AVAILABLE DATA
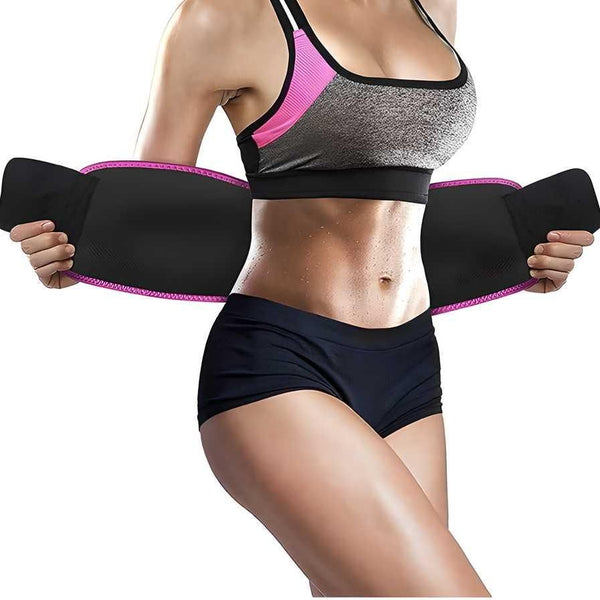 Premium Adjustable Waist Trimmer Sweat Belt | Core Support & Fitness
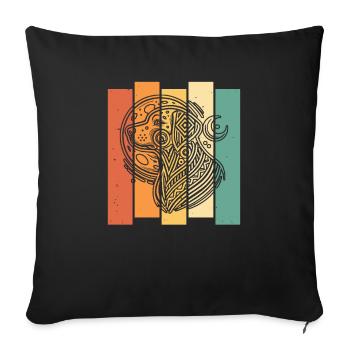 Phases de lune dalmates - Housse de coussin décorative 45 x 45 cm - noir - Devant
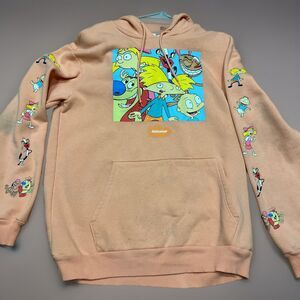 Nickelodeon The Rugrats Monsters Ren And Stimpy Hey Arnold Hoodie Size Large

TASK TO COMPLETE
Write the full listing out again with every line unchanged, but include no pictures.

OUTPUT FOR THIS EXERCISE
 Premium Adjustable Waist Trimmer Sweat Belt | Core Support & Fitness
 Phases de lune dalmates - Housse de coussin décorative 45 x 45 cm - noir - Devant
 Nickelodeon The Rugrats Monsters Ren And Stimpy Hey Arnold Hoodie Size Large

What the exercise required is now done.